一方で、事件発生から既に58年、袴田氏は88歳、これまで袴田氏を支えてきた姉のひで子氏も91歳。年齢を考えると、これ以上、再審の審理が長引くことは社会的に許容されない。しかも、再審判決の「5点の衣類」のねつ造を認めた事実認定を控訴審で覆せる可能性は十分にあるとしても、では、「袴田事件冤罪」が、これ程までに国民の共通認識になっている以上、控訴審で最終的に有罪判決が出される可能性があるかと言えば、ほとんどない。
新聞各紙も社説で検察官控訴断念を強く求めており、実際に検察官が控訴を申立てた場合、検察組織が猛烈な社会的批判に晒されることは想像に難くない。
となると、強盗殺人という被害者・遺族がいる犯罪である以上、「法と証拠」に基づく検察の判断として不控訴の判断はあり得ない。
畝本総長談話の
《控訴して上級審の判断を仰ぐべき内容である》
というのが、検察としての「法と証拠」に基づく判断という趣旨なのであろう。
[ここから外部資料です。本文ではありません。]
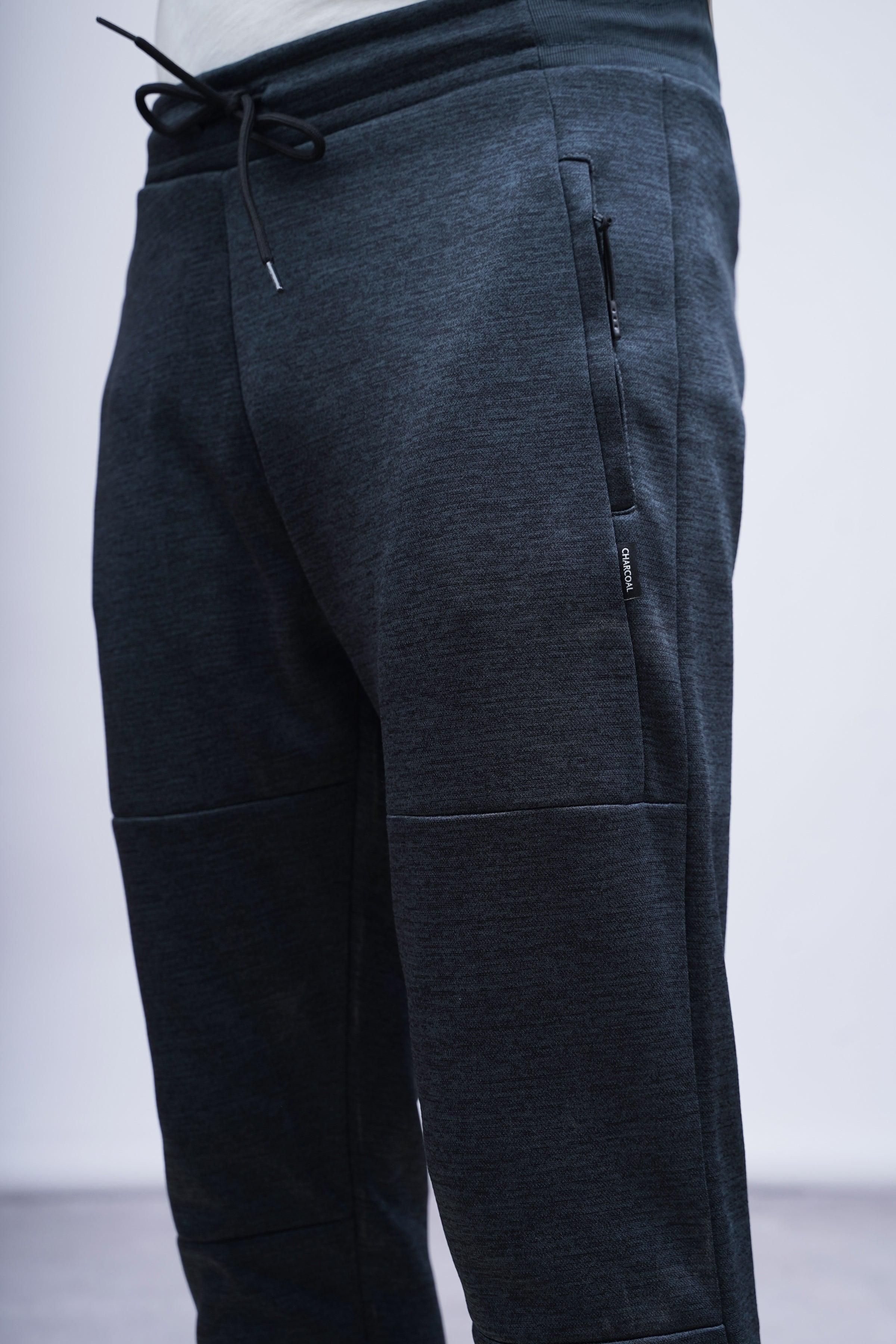CHAIN YARN FLEECE TROUSER OLIVE MELANGE at Charcoal Clothing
それを検察として公言するのであれば、検事総長としても、それを貫き、控訴申立を行うしかなかった。
《袴田さんが、結果として相当な長期間にわたり法的地位が不安定な状況に置かれてきたことにも思いを致し、熟慮を重ねた結果、本判決につき検察が控訴し、その状況が継続することは相当ではない》
という、社会的観点から「不控訴判断」をするのであれば、検察の判断とは切り離して行うしかない。
その解決の方法は、法務大臣が、指揮権に基づいて、検事総長に不控訴を指示することしかなかったのである。
誤った畝本総長談話の背景にある検察の「全能感」検事総長談話として公表するものである以上、畝本総長だけの見解ではなく、少なくとも、最高検が組織として判断した内容であろう。なぜ、そのような誤った判断を行ったのか。
そこには、検察の組織において、「法と証拠に基づく判断」の限界が正しく理解されず、あらゆることが検察の権限内で解決可能であるような「全能感」に支配されていることに根本的な問題があるように思われる。